WORK TASK: Output exactly the lines from the line that has "Appraisal: A PAIR" through the last line of the data below, with no pictures.

GIVEN DATA:
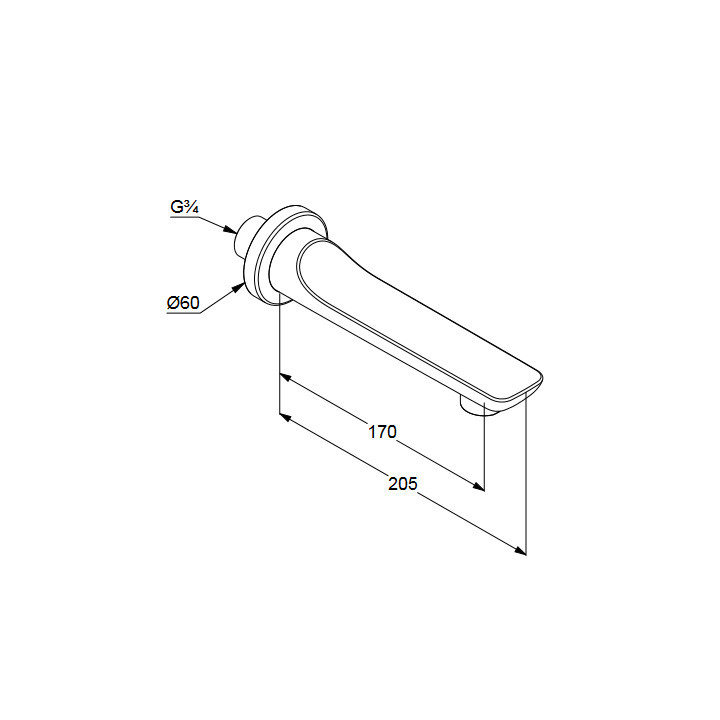 Wylewka wannowa Kludi Balance DN 20 czarny mat/ chrom 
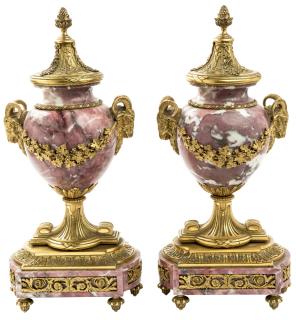 Appraisal: A PAIR OF LOUIS XVI STYLE ORMOLU MOUNTED PINK MARBLE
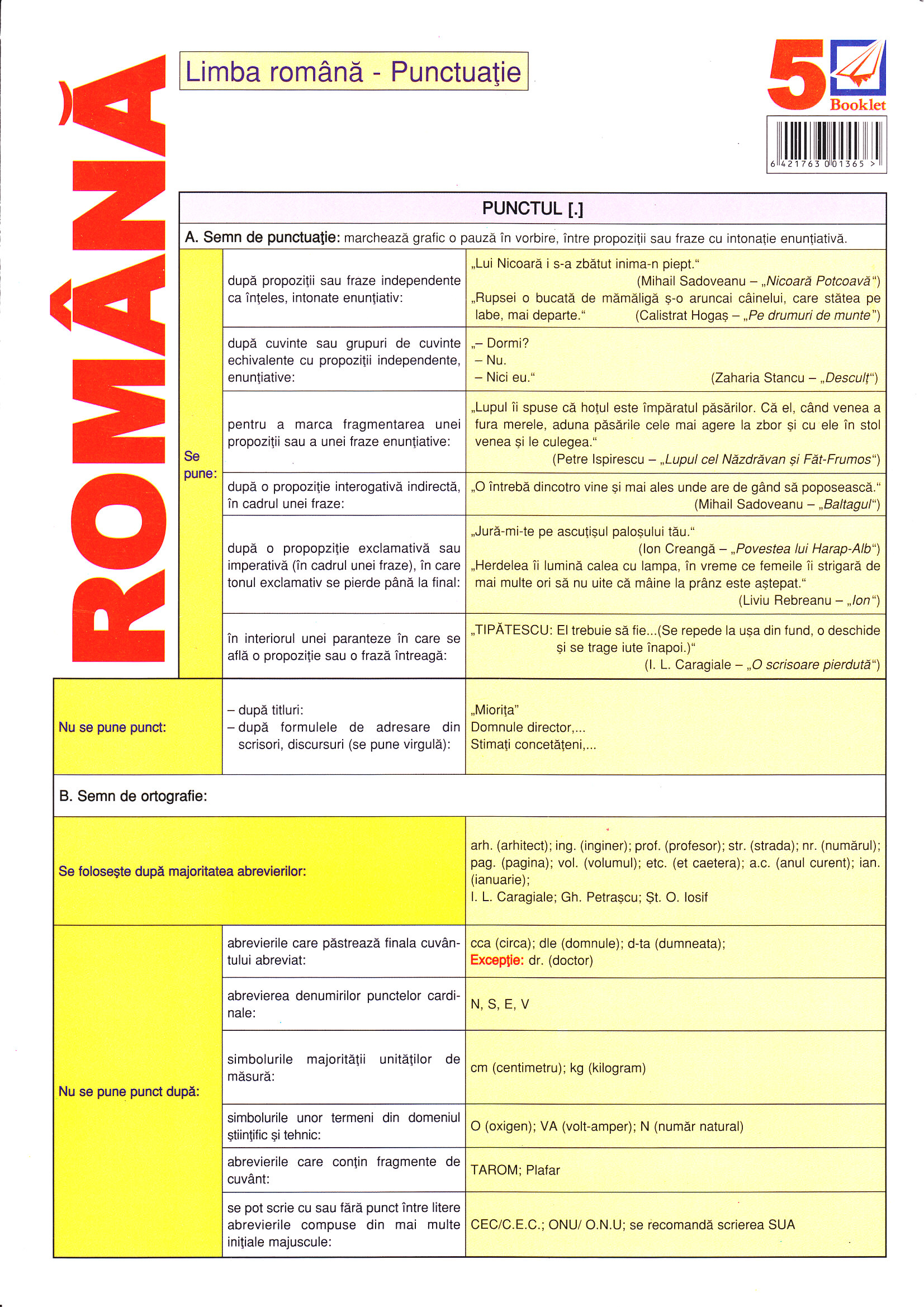 Imaginea produsului 'Limba romana 5 - Punctuatie'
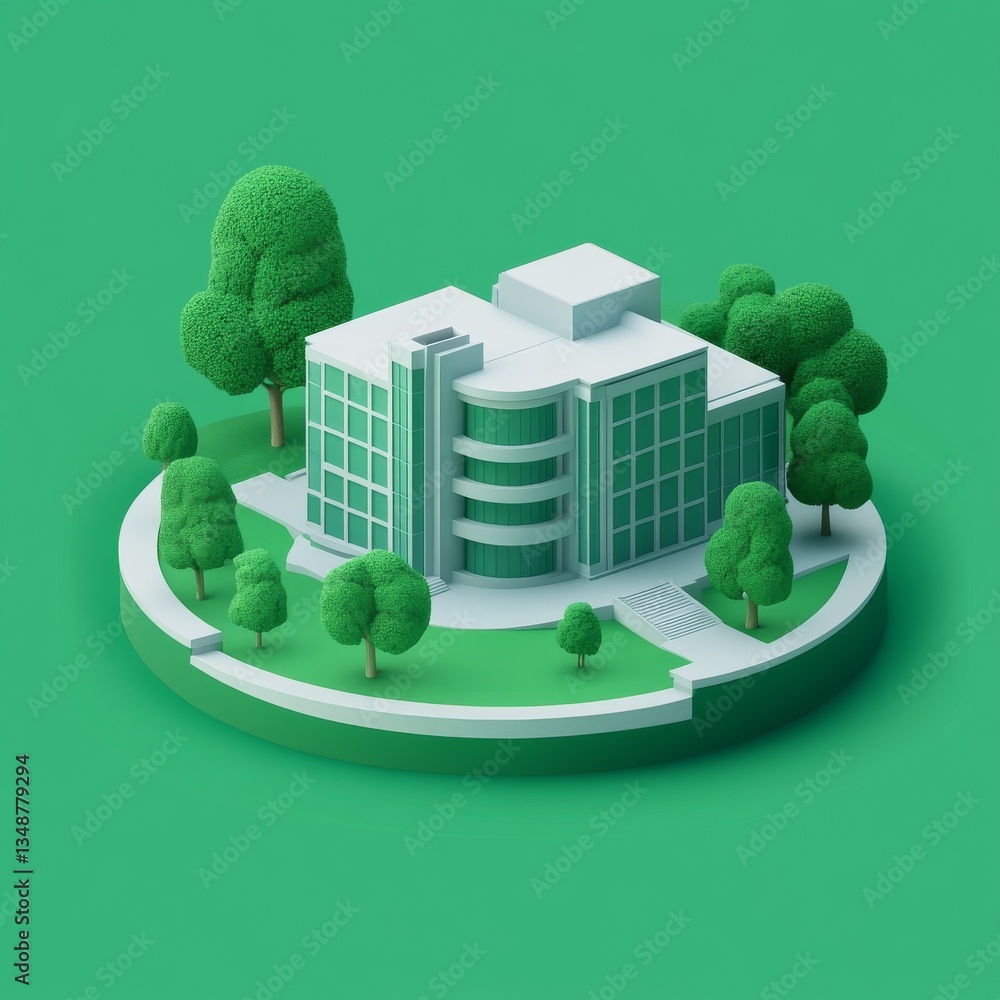 Poster modern office building surrounded by trees on a green platform: minimalist architectural rendering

EXERCISE SOLUTION:
 Appraisal: A PAIR OF LOUIS XVI STYLE ORMOLU MOUNTED PINK MARBLE
 Imaginea produsului 'Limba romana 5 - Punctuatie'
 Poster modern office building surrounded by trees on a green platform: minimalist architectural rendering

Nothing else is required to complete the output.